Ninguna ingenuidad inspiró la decisión de Alvaro Obregón ante el dilema que le planteó Washington: no reconocimiento o violación del derecho nacional a los recursos del subsuelo. El caudillo de Navojoa optó por el segundo término del dilema, y a partir de entonces la Carta Magna y sus ideales quedaron relegados por un poder de facto que rápidamente se erigió en dueño y señor de la patria. La verdad está sobre el tapete del juego.

En lugar de hacer valer los derechos soberanos por sobre las presiones del poderoso Tío Sam, urgido de acumular en su favor la enorme producción de la faja de oro tamaulipeca, decidió conservar el poder poniéndose al servicio de la élite dominante, a pesar de las enérgicas protestas de una oposición inconforme con un gobierno arbitrario y ajeno a las aspiraciones revolucionarias. Una vez que concluyó la excepcional administración de Lázaro Cárdenas y su heroico esfuerzo por reactivar la vigencia de los mandamientos constitucionales, el presidencialismo autoritario perfeccionaría sus operaciones corporativizando casi totalmente las energías colectivas.

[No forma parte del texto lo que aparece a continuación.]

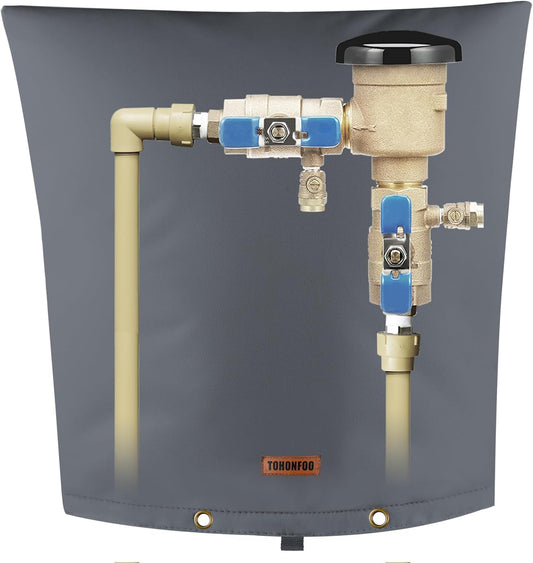 TOHONFOO Backflow Preventer Pipe Insulation Cover (5°F) - Irrigation Sprinkler Valve Insulated Pouch - Water Well Pump Cover - Sturdy 5 Layers for Winter Freeze Protection, 24" W x 26" H, Grey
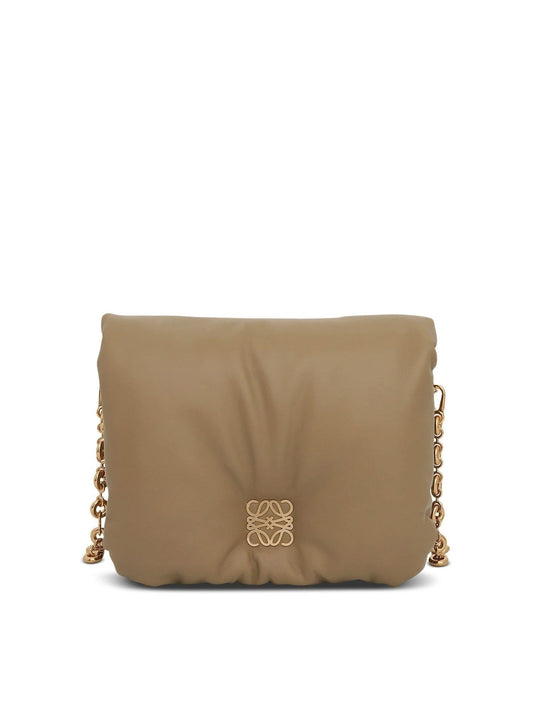 Image of Bags. Productname: LOEWE Puffer Goya Bag in Shiny Nappa Lambskin in Clay Green colour by brand - LOEWE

Corporativizar quiere decir sujetar la pluralidad de las decisiones públicas a una sola decisión suprema, la del Presidente como director político de los intereses económicamente hegemónicos, encauzando así la marcha del país conforme a los convenios tomados en la cúspide de la pirámide social. Es decir, la fuente de la crisis está en la recia concentración de la autoridad y la economía en una apretada minoría formada por el gobierno de facto y de grandes empresas nacionales y trasnacionales.

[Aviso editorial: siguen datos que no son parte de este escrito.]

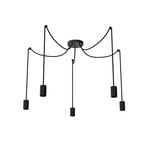 SEGULA Spyder 5 Wave hanglamp, zwart, 5-lamps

Esa es la estructura económico-política que por su propia necesidad lógica de desarrollo ha roto las posibilidades de una economía próspera y equitativa, la independencia de los poderes, la realidad de la democracia, la libre autodeterminación soberana y consecuentemente el Estado de derecho, estructura infiltrada además por extensas redes de una corrupción que bloquea de mil maneras los no pocos esfuerzos que la población lleva a cabo para reubicar a la República en sus cimentaciones morales y jurídicas.

Si ahora enlazamos las tragedias de Chenalhó y Polhó con la crisis en que nos hallamos, no resulta difícil comprender las causas que indujeron tan repugnantes y condenables hechos. ¿Acaso no estamos frente a un magno y desgarrador enigma?